Looking at the last Supreme Court term, none of this is true. The Court's opinions were nuanced and largely unanimous, and there are no credible allegations of vote-buying. If Biden wants to restore faith in the Court, he'd do better to highlight these nuances rather than using the Court as a political talking point.
At the outset, it's worth taking a bird's eye view of the Court. This term, the Court ruled unanimously in almost half (46 percent) of cases, which was similar to the year before (48 percent) and a significant uptick from the term before that (29 percent). Among the Court's unanimous or near-unanimous opinions were hot-button cases involving former President Donald Trump's eligibility for the presidency, access to the abortion drug mifepristone, the government's ability to dissuade companies from doing business with the National Rifle Association, regulation of social media companies, and the scope of the Second Amendment. Such consensus among the justices undercuts Biden's characterization of a rogue or extremist Court.
It's true that the Court is sometimes divided along partisan lines—and in many of those cases, the justices disagree vigorously. As Biden points out, Trump v. United States (regarding presidential immunity) and Dobbs v. Jackson (regarding abortion) represent two such cases. But just because these opinions were divisive doesn't make them radical.
For example, Biden chided the Court for imposing "virtually no limits on what a president can do" in the immunity case, but the Court maintained an ample sphere of liability for presidential acts. All nine justices agreed that presidents have absolutely no immunity for unofficial acts. While the majority ruled that absolute immunity applies to core, official acts, it emphasized that noncore duties are only presumptively immune.
Reasonable people can disagree about whether the Court made it too hard to rebut that presumption. But to make that call, we'll have to see how the standard plays out in practice. Trump's case, for example, will now go back down to the district court, which will determine which acts are official or unofficial, core or noncore, and whether the special prosecutor can surmount any presumption of immunity that applies. It makes little sense to say at this premature stage, as Biden does, that the only limits left on the president are "self-imposed."

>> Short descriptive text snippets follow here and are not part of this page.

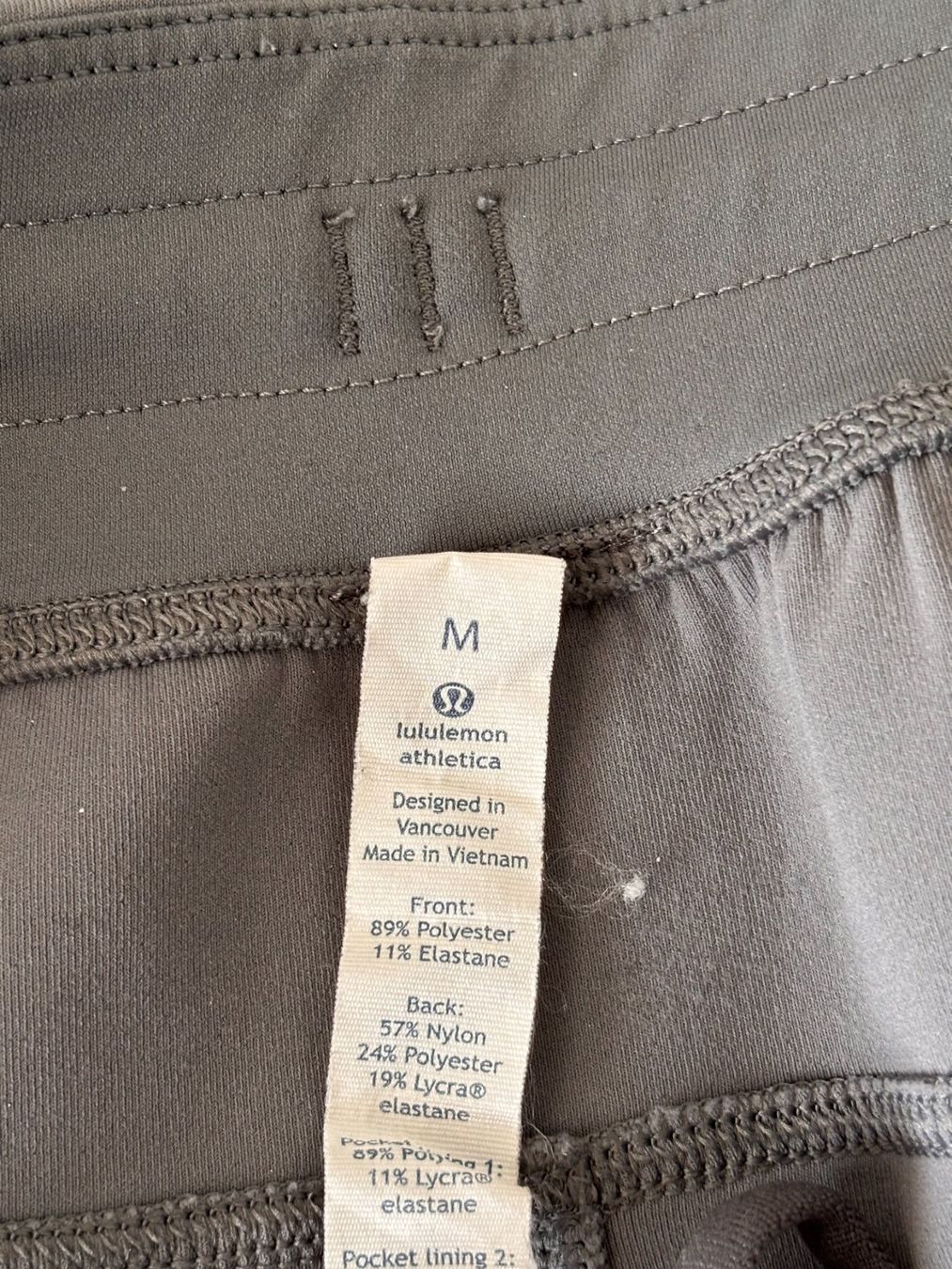 Lululemon Pantaloni: Lululemon 'T.H.E. Short' (M) – Usato da Bern venduto da lolapennt 3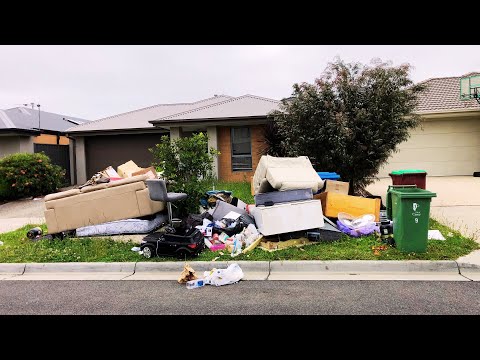 These Bulky Waste Rubbish Piles Need To Take It Easy!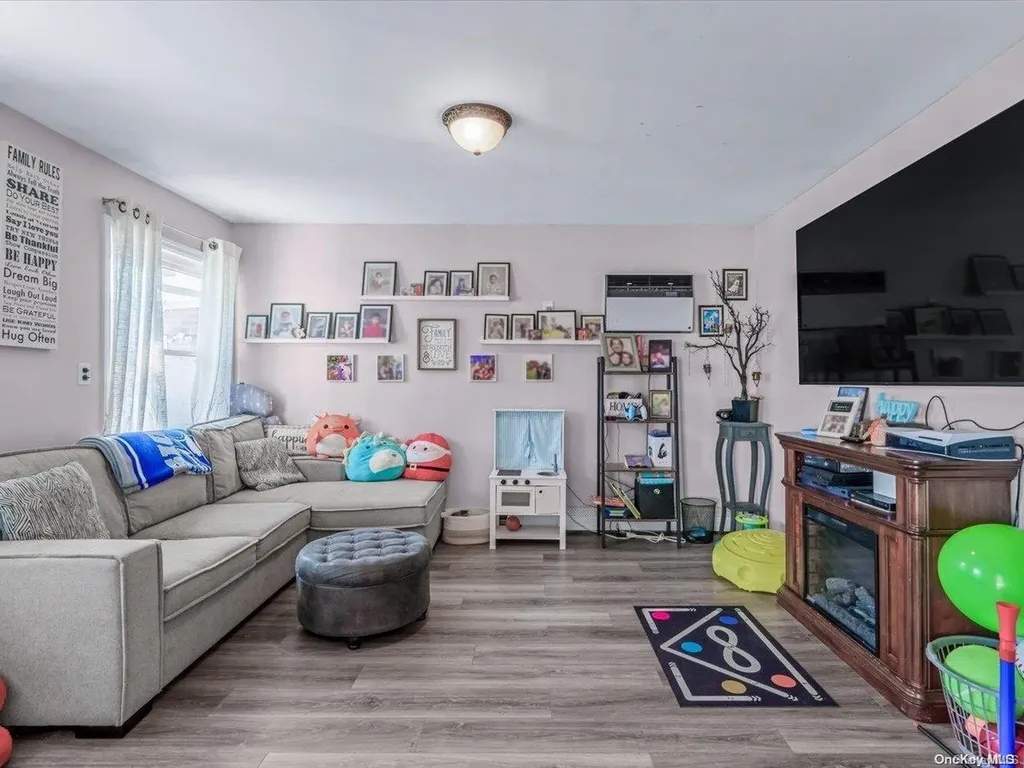17 Tinder Lane Levittown NY 11756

Biden also criticizes the Court for "overturn[ing] settled legal precedents" like Roe v. Wade. But this is a critique with no substance. Precedent isn't an end in and of itself; prior cases should stand when they're correct and well-reasoned and fall when they're not. Some of the most important Supreme Court decisions in history "overturned settled precedent," including Brown v. Board of Education (overturning the separate but equal doctrine) and Gideon v. Wainwright (extending the right to counsel to felony defendants in state courts). Overturning precedent is part of a Supreme Court justice's job description. Without context, saying a judge overruled an earlier case is meaningless.
Biden's ethics accusations similarly lack substance. Though many have wrung their hands over Justice Clarence Thomas' friendship with businessman Harlan Crow, not one person—including Biden—has pointed to any specific instance where the justice supposedly traded his vote for a gift from his wealthy friend (and they ignore that Thomas voted against Crow's personal convictions in the abortion case). That's not surprising. Thomas is widely regarded as one of the most consistent justices on the Court who regularly writes separate opinions to explain his idiosyncratic views. Given that his views are so consistent, transparent, and well-known, it would be especially difficult for him to abandon them in exchange for a flight on a private jet. If anything, bribes are much more likely in the context of opaque decision making—as happens behind closed doors in the legislative and executive branches.

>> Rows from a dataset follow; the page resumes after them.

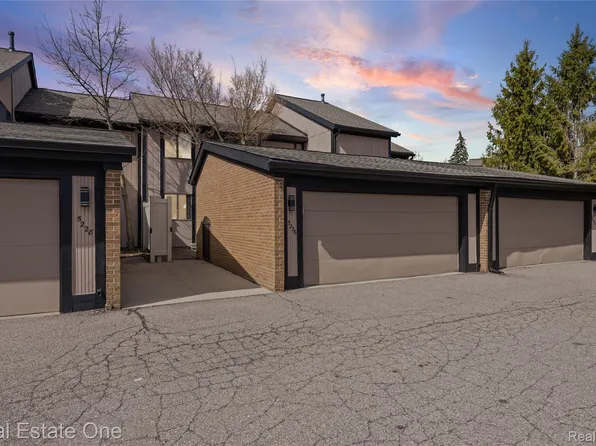 5226 Brett Ct, West Bloomfield, MI 48322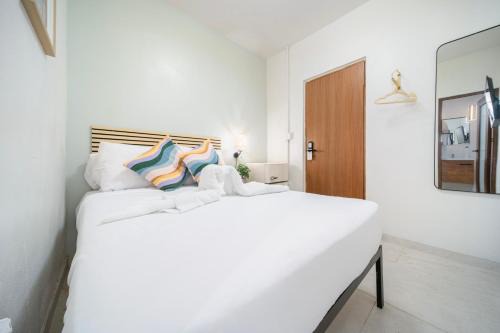 Room 3 Vibrant Walkable Hub in Santurce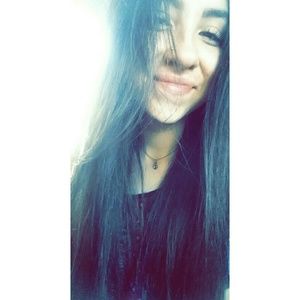 Meet your Posher, Zaira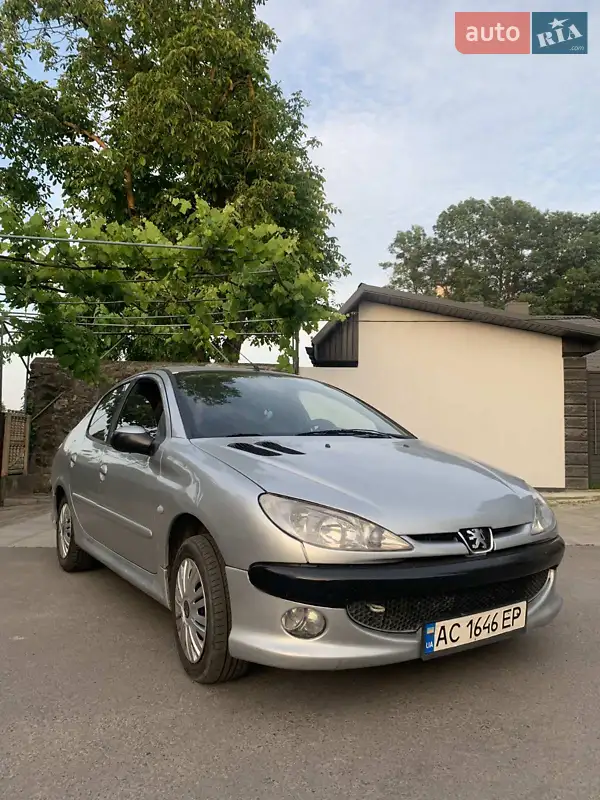 Peugeot 206 2008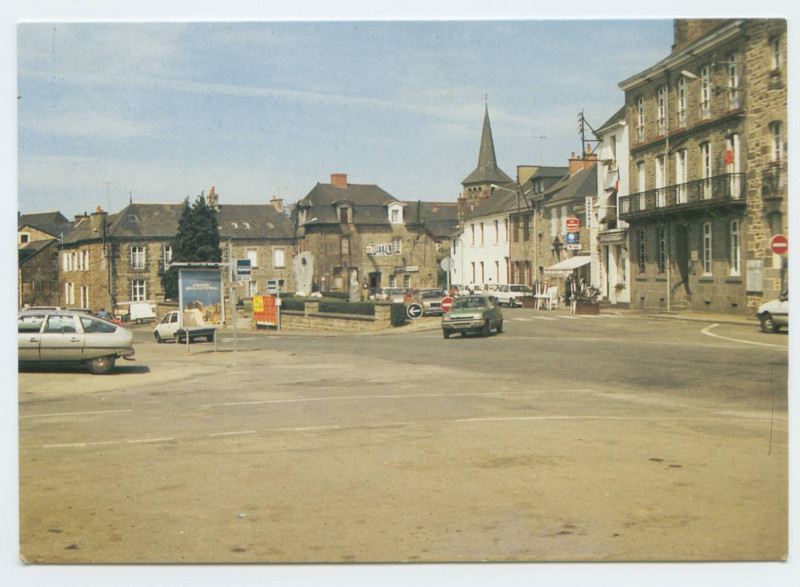 Carte postale ancienne Place de la Mairie 35630 Hede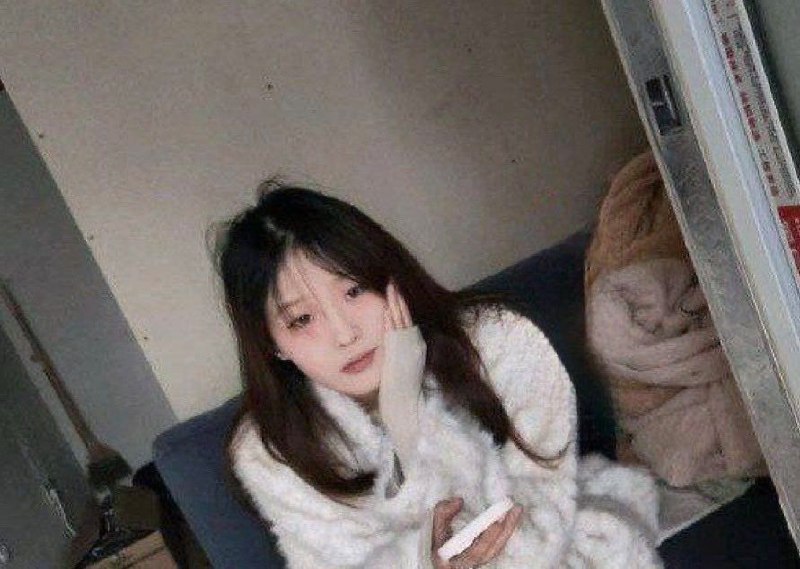 #扬州
 
#站街
扬州江都繁荣巷出击07年
今天出击,到了已经下午4点半了,不咋说话白衣服的就是那个07的,可能去的晚了,刚进去确实比较紧,动几下后回弹程度低,车灯小,可以尝鲜-找JiPo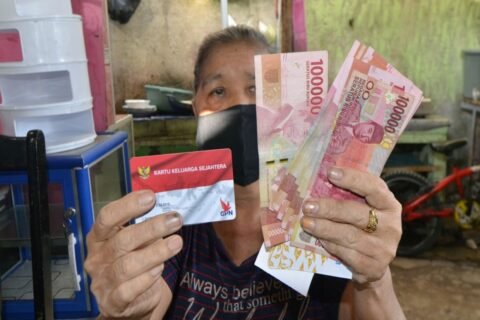 Cek Desil Penerima BLT Kesra Rp900.000 Menggunakan NIK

In at least some ways, the Court is showing more restraint than in prior years. It's taking fewer cases than ever (just 59 this year, compared to 82 a decade ago), it's finding reasons to sidestep thorny issues, and it's increasingly using judge-made legal doctrines to rule that the plaintiffs have no right to sue or that the case needs more time before the Court can step in. It also continues to produce interesting alignments between justices considered to be on opposite ideological spectrums. In a case involving the January 6 defendants, for example, Justice Ketanji Brown Jackson voted with "conservative" justices to throw out the convictions while Justice Amy Coney Barrett voted with the "liberals" to affirm them.
In sum, the Supreme Court is not exactly a radical conservative monolith. This term, Court watchers actually observed strong disagreements among Republican-appointed justices. If Biden cares about bolstering the public's faith in the judiciary, he'd be wise to emphasize this nuance.